The Varilight HQ9W is, it seems, discontinued. It has been replaced by the TQR1001W. The thing is, it says

"The V-Dim Thermal Series are NOT suitable for use with wire wound Transformers or Fans and other inductive loads (for these products see The V-Plus Dimmer Series, and Fan Regulating dimmers). Please check with manufacturer of appliance to be dimmed.

This Dimmer has a maximum of 1000 Watts and minimum of 200 Watts."

The V-Plus dimmers are more electronic, but they do say:

"This V-Plus Series Dimmer can be used for wire-wound Low Voltage Transformers (NOT RECOMMENDED FOR LARGE TORROIDAL TRANSFORMERS) up to maximum load as specified on dimmer and can also be used on Fans and other inductive load appliances, but please check with manufacturer of appliance"

So, I'm thinking of getting a Varilight IQP1001W. Will this work?

Many thanks!


----------



## Robbo (Feb 17, 2016)

It should be ok as its to control the heating element which is a resistive load not an inductive load.


----------



## bagpuss (Feb 6, 2015)

Robbo said:


> It should be ok as its to control the heating element which is a resistive load not an inductive load.

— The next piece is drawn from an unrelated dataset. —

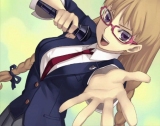 画像ギャラリー No.019のサムネイル画像 / コンシューマゲームセレクション:第24回「アルトネリコ2 世界に響く少女たちの創造詩(メタファリカ)」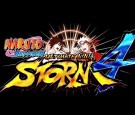 Naruto Shippuden Ultimate Ninja Storm 4 - Japan Expo 2015 Trailer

Splendid! Thank you. I thought it looked okay, but a positive second opinion is most welcome, thanks.


----------



## PottyMouthedBuddhist (Oct 18, 2016)

I'm assuming the TQR1001W is probably OK, as the manufacturer I bought from sent it out as a direct replacement for the HQ9W that I ordered. I've used it a few times and nothing has exploded or caught fire yet, anyway


----------



## bagpuss (Feb 6, 2015)

PottyMouthedBuddhist said:


> I'm assuming the TQR1001W is probably OK, as the manufacturer I bought from sent it out as a direct replacement for the HQ9W that I ordered. I've used it a few times and nothing has exploded or caught fire yet, anyway


I was born in the 1970s, so "nothing has exploded" is all the risk assessment I need to proceed ;-)


----------



## PottyMouthedBuddhist (Oct 18, 2016)

Good man! Wear a crash helmet, just in case


----------